[England in America, 1580-1652 by Lyon Gardiner Tyler]@TWC D-Link bookEngland in America, 1580-1652 CHAPTER XIII 5/18
If the charter had been successfully called in, Williams's ground of the sufficiency of the Indian title to lands might have proved useful as a last resort.[5] Nevertheless, in November, 1634, the authorities were on his track again.
The pretext now was that Williams "taught publicly against the king's patent," and that "he termed the churches of England antichristian." This revamping of an old charge which had been explained and dropped was probably due to a change of attitude towards the English government.

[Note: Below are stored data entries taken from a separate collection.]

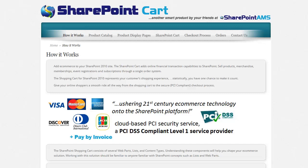Hi, this is Sean Bordner with SharePoint AMS. This is a high-level overview of how our product adds modern e-commerce capabilities to the SharePoint platform.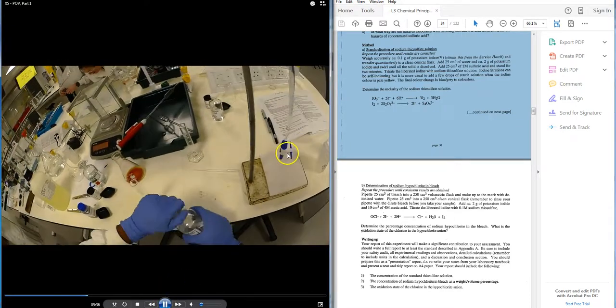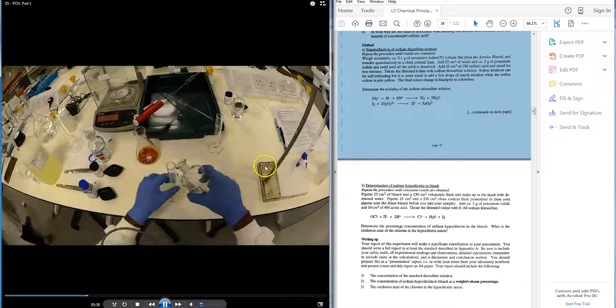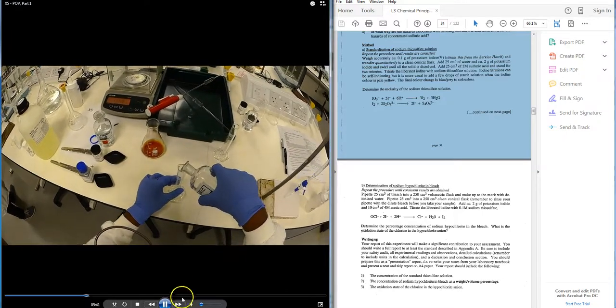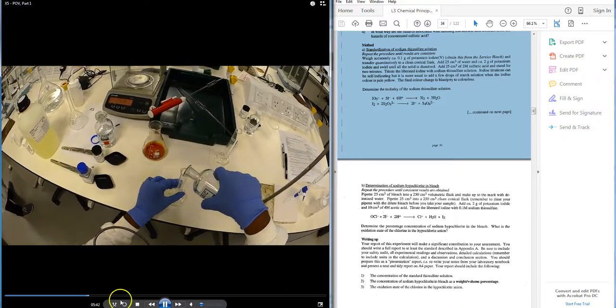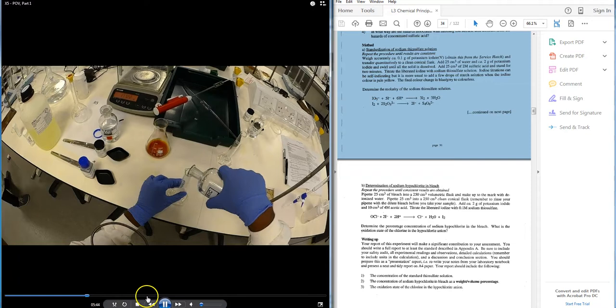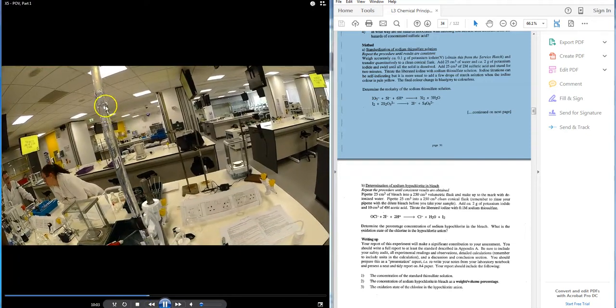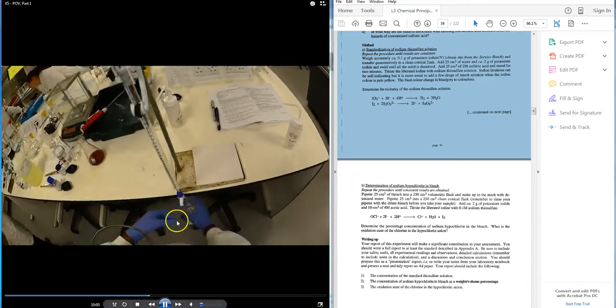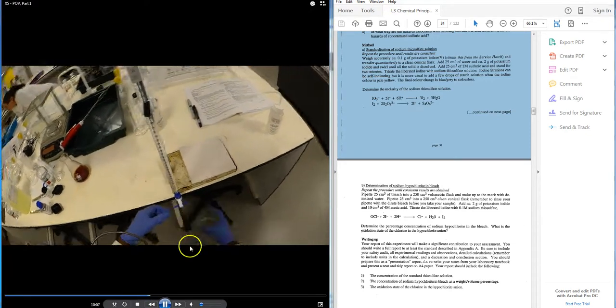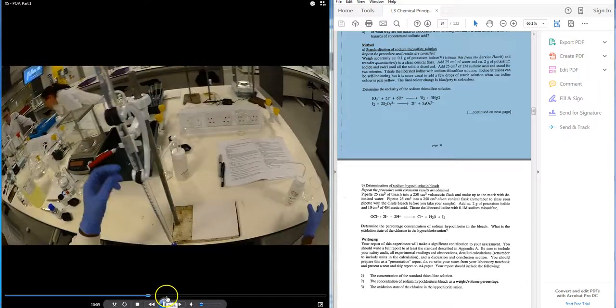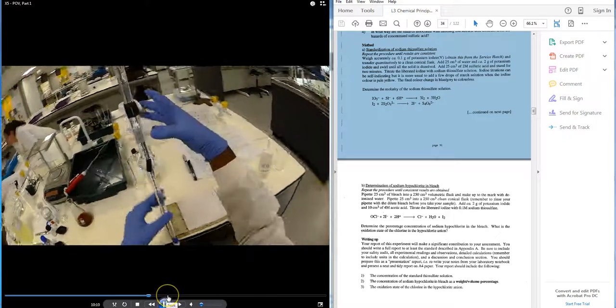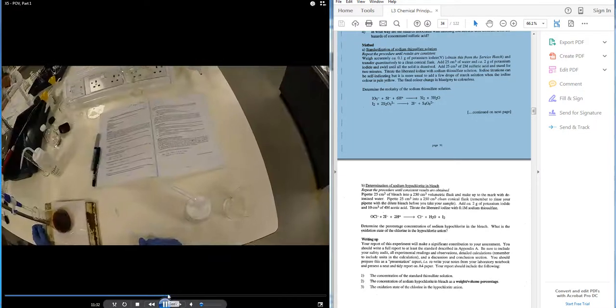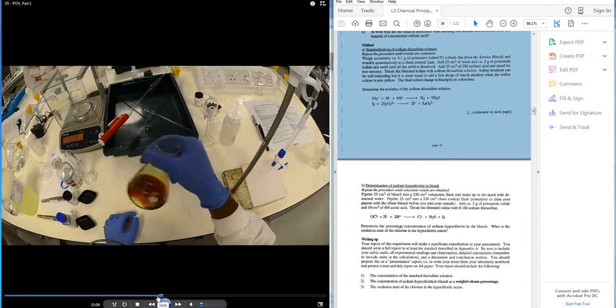You will need to fill your burette up, as asked here, with the sodium thiosulfate. So I'm going to move this forward. So the student is filling the burette up with sodium thiosulfate. I'll show you how to do this more in the laboratory as we move through this.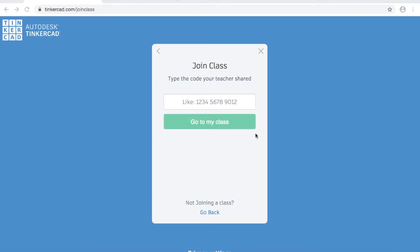Hello and welcome to Windsor Public Library's online 3D printing workshop. If you have yet to register for this program, please check the description on this video for how to register. In this video, I'm going to show you the basics on how to use the online software Tinkercad, and then in the next video, I will show you how to create your own personalized keychain.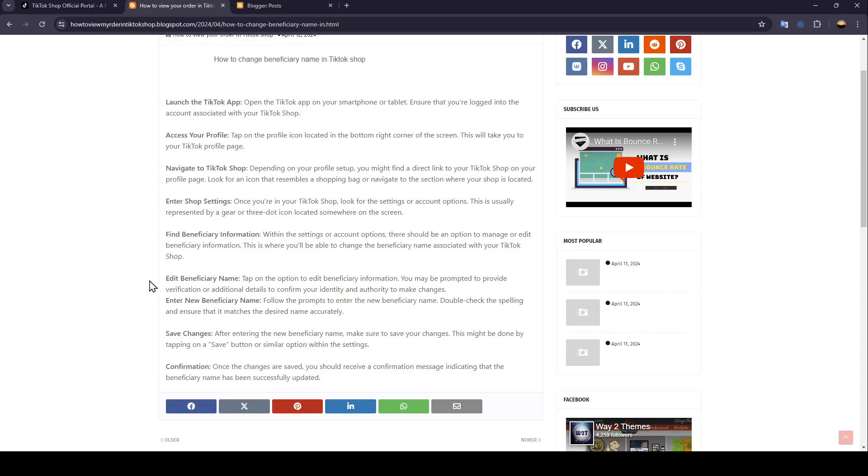After that, you need to edit your beneficiary name. Tap on the option to edit beneficiary information. You may be prompted to provide verification or additional details to confirm your identity and authority to make changes.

In May, 1634, the general court elected the intolerant deputy governor, Thomas Dudley, governor in the place of Winthrop; and when in July the news of the demand of the Lords Commissioners for Foreign Plantations for the surrender of the colony charter was received at Boston, the new governor took steps, as we have seen, to commit the colony to a fight rather than yield compliance.[6] Nothing, however, resulted from the charges against Williams, and it was not until March, 1635, that he again excited the wrath of the government.
Then his scruples took the shape of objections to the recent legislation requiring every resident to swear to defend the provincial charter.
Williams declared that the state had no right to demand an oath of an "unregenerate man," for that "we thereby had communion with a wicked man in the worship of God and caused him to take the name of God in vain." Williams was, accordingly, summoned to Boston in April, and subjected to confutation by the ministers, but positive action was deferred. While the matter remained thus undetermined, the church at Salem elected him teacher, and this action was construed as a contempt on the part of both Williams and the Salem church.